A friend working on a very cool stealth start-up approached me the other day to talk about sign up forms and the type of questions he should be asking people when they join his soon to be popular site. In a world of Facebook Connect, I first questioned what percentage of his audience would even create their own login on his site but as we discussed further it became apparent to me that whether people signed up directly on his site or they used FB Connect he needed to collect certain pieces of information that would not be readily available through FB but were vital for the marketing of his business. So again, in a world where it is anticipated that most users will log on to the site using FB, how could he capture the three or four (note that it is important to narrow down to at most 3/4 additional questions) pieces of information that would be vital to personalize marketing communications?

While he could certainly use the Facebook profiles of his members to get some amazing social data on their likes, favorite sports teams etc, the information available would vary too much from member to member and further would take a long time to mine given the current Social CRM tools available. So without scrapping Facebook as a login option, what could he do?
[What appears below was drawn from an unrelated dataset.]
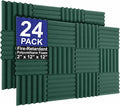 Foam Factory Inc 24 Pack Color Acoustic Foam Panel Studio Soundproofing Wedge Wall Tiles 12” X 12” X 2” (Forest Green)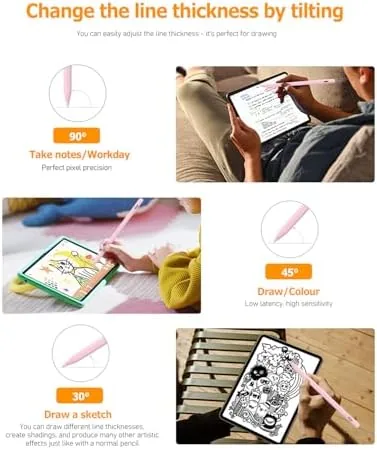 Another view of the Pink Stylus Pen for iPad Pro Air Mini 2018-2026, Palm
For me the answer was simple, use a couple of triggered welcome email messages and a clearly discernible incentive. Upon signup with Facebook Connect, a triggered email campaign would begin where the goal was to welcome the member to the site, but the ultimate goal was to get the same three or four pieces of information that would have been captured had the signup occured completely onsite.

With four pieces of information to gather and an on-site credit to offer users who gave all four pieces of information (whether they did so all at once or over the three emails the incentive was the same) a welcome campaign was designed so that three emails would be sent to the user from the trigger moment of a signup with Facebook Connect (those who signed up directly received a different campaign) and the other two sent 24 and 48 hours after respectively. The three emails were designed to both welcome and aclimatize the user with the site but also were to be excercises in info gathering and pushing the user to make thier first site transaction. A complex set of requirements.

So what did it look like in practice? A triggered mini-campaign of three emails to both welcome the user and capture four key pieces of information was launched where the information gathering exercise was tied directly to the incentive offered. While I can’t share the emails themselves, I will give you a bit more detail.

In each email a key piece of the site served as the functionality to be described but rather than use text, it was done using an embedded video. The use of the video engaged people in the email right away and the simplicity of playing the video allowed for the real estate that would have been taken up by that text to then move up the graphics and text about profile completion (answering questions) and the incentive that went along with it.

Another key part of the email design went to the database behind it and using one of 5 possible dynamic questions/phrases (i.e. not asking the user something that you already had the answer to, questions dynamically appear based on the customer profile) in each email so as to gather new information each time and not present the user with anything non relevant or already known. The email was designed in such a way that the last thing the user saw was a dynamic question that got to one of the four pieces of information that was desired. The question was always graphically rich and tied directly to the incentive available for reaching a 100% profile.

While it was expected that it would take two or more emails to get most people to complete their profile, by tying it into the incentive and making the site information part of the email be a video rather than using that real estate for text there was a tremendous amount of users who completed thier profile after just the first triggered email and nearly everyone was done after email #2.

The timelyness of a triggered campaign combined with great design and a smart database have now allowed this stealth company to have 4 tremendously key pieces of profile information about their customers that would have remained unavailable had they simple accepted the information they received through Facebook Connect as the best they could get.

What about you, any great ways to incent your users to share more info with you?